We seek funding to support our efforts to monitor approximately 500 critically endangered Armenian cultural heritage sites in Azerbaijan using high-resolution satellite imagery. Your donation will allow us to “task” satellites to capture images of these sites multiple times a year and detect changes to their condition. Through regular surveillance, we seek to deter further cultural erasure in the Caucasus and develop a model for saving threatened heritage anywhere in the world.
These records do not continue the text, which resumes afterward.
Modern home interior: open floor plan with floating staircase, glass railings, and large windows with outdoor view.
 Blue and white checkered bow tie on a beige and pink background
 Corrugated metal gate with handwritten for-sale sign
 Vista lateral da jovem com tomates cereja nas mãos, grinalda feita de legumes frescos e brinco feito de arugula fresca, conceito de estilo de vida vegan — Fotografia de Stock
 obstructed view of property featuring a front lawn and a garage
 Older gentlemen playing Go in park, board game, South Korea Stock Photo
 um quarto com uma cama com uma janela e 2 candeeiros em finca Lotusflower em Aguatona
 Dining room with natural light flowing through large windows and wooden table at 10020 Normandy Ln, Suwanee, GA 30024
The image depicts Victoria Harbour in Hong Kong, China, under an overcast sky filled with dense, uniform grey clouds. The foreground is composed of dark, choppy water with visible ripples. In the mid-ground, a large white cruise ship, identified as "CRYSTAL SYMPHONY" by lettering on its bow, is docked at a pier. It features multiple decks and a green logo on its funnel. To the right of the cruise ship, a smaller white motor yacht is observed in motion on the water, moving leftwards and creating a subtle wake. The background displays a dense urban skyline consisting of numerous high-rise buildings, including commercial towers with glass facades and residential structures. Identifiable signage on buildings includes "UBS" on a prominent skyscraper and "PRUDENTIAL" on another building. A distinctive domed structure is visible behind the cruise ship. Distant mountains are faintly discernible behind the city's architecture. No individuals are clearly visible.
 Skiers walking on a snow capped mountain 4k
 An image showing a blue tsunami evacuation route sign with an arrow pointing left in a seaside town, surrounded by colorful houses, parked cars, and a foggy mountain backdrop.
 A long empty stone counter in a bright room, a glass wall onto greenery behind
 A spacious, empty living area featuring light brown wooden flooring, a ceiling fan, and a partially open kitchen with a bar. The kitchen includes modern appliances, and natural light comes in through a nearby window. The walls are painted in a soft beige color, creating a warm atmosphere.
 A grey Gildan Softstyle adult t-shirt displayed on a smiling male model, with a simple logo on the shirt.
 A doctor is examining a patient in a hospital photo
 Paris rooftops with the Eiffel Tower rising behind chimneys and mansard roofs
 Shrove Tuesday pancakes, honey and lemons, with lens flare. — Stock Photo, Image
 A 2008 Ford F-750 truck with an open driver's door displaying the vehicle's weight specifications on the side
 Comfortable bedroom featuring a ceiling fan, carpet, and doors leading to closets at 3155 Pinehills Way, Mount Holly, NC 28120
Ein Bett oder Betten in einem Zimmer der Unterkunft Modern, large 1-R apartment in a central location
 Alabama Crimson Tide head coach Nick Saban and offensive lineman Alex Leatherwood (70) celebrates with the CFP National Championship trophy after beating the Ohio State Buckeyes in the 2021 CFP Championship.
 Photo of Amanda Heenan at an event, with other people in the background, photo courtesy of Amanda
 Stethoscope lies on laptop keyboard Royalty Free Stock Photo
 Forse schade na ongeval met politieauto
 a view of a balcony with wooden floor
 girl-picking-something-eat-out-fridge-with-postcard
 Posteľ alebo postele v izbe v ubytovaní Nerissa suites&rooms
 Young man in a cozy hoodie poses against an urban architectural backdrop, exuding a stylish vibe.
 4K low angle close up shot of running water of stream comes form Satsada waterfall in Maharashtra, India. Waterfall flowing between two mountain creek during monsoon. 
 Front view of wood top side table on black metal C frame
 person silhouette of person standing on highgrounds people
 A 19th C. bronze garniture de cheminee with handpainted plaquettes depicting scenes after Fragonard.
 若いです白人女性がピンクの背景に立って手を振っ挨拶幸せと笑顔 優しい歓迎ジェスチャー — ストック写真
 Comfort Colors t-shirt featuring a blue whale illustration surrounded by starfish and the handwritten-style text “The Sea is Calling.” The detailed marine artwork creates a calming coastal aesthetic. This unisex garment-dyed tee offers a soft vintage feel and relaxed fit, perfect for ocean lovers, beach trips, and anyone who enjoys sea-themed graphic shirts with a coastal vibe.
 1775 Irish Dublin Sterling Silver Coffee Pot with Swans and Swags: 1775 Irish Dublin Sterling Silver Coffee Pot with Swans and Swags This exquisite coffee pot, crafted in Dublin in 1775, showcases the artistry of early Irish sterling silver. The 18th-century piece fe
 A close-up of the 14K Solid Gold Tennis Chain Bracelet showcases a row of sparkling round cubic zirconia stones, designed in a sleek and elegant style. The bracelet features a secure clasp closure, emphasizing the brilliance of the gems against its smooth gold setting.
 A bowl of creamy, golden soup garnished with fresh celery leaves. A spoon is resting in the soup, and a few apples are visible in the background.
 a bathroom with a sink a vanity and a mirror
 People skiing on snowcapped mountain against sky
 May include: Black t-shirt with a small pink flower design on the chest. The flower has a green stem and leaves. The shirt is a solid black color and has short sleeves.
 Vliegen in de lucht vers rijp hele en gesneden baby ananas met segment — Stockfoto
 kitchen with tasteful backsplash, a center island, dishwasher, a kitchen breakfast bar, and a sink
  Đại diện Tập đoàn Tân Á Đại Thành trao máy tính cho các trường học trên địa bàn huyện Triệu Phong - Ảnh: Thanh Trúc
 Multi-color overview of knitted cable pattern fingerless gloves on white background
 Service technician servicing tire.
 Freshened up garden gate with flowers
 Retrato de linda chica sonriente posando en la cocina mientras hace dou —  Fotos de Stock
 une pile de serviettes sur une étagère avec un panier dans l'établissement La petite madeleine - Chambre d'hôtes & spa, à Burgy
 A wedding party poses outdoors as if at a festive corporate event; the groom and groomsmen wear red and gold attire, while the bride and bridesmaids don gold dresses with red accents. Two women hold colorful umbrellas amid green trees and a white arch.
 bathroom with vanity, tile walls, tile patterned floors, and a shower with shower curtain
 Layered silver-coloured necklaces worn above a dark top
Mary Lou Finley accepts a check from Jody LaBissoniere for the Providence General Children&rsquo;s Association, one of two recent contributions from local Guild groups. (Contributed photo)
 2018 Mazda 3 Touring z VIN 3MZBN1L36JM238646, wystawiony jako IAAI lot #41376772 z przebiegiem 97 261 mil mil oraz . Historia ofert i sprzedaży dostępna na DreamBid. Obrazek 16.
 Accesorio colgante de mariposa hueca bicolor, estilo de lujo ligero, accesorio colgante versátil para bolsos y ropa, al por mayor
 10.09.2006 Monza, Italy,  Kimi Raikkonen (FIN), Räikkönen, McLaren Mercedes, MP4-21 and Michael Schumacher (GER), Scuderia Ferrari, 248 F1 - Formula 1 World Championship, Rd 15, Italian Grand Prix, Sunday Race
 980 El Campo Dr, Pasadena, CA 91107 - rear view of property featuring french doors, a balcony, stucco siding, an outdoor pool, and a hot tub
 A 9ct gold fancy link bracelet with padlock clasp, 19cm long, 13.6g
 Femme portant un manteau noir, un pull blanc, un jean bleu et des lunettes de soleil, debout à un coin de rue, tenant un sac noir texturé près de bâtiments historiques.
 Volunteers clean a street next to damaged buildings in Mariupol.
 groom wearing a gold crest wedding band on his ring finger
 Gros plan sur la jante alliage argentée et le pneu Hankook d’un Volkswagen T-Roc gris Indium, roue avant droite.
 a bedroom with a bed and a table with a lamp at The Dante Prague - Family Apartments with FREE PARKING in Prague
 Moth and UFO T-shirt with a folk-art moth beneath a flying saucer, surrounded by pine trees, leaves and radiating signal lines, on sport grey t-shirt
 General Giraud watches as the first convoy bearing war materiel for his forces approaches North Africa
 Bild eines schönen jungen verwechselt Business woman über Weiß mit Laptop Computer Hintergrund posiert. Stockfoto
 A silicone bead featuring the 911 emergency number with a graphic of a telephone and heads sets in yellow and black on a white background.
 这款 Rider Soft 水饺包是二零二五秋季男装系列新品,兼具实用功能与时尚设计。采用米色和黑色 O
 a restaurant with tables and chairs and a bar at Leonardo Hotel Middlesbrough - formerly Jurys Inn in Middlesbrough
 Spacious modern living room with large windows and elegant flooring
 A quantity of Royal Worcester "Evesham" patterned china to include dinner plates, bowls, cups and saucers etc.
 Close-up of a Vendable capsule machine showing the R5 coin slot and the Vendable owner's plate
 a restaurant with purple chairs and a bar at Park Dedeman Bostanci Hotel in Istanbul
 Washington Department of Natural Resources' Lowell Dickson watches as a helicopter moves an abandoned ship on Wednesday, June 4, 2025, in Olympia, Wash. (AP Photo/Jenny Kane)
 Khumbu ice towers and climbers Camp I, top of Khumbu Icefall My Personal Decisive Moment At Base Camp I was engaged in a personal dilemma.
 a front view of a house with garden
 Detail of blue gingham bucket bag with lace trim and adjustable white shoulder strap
Already, our research is shaping international cultural heritage law and diplomacy. Our findings have been used as evidence in a case currently before the International Court of Justice in the Hague, Armenia v. Azerbaijan. Partly on the basis of our research, in 2021 the World Court indicated a provisional measure ordering Azerbaijan to, "“[t]ake all necessary measures to prevent and punish acts of vandalism and desecration affecting Armenian cultural heritage….” This ongoing case can establish a new legal pathway for securing heritage preservation in Azerbaijan and around the globe. The monitoring work for which we are seeking funding will continue to provide evidence for this precedent-setting case, the first to recognize a link between cultural heritage destruction and racial discrimination.
Our findings have also informed discussions, hearings, and policy reports of the United Nations, the U.S. Department of State, the U.S. Commission on International Religious Freedom (USCIRF), the U.S. Foreign Relations Committee, and the European Parliament.
CHW’s work is establishing an entirely new field that we call "heritage forensics". As a result of our work, Cornell has already emerged as a key leader in the global effort to document attacks on cultural heritage and deter erasure and cultural genocide. Support for CHW's work will establish Cornell as the center of heritage forensics and catalyze new collaborations across the campus and beyond, from law and policy to archaeology and aerospace.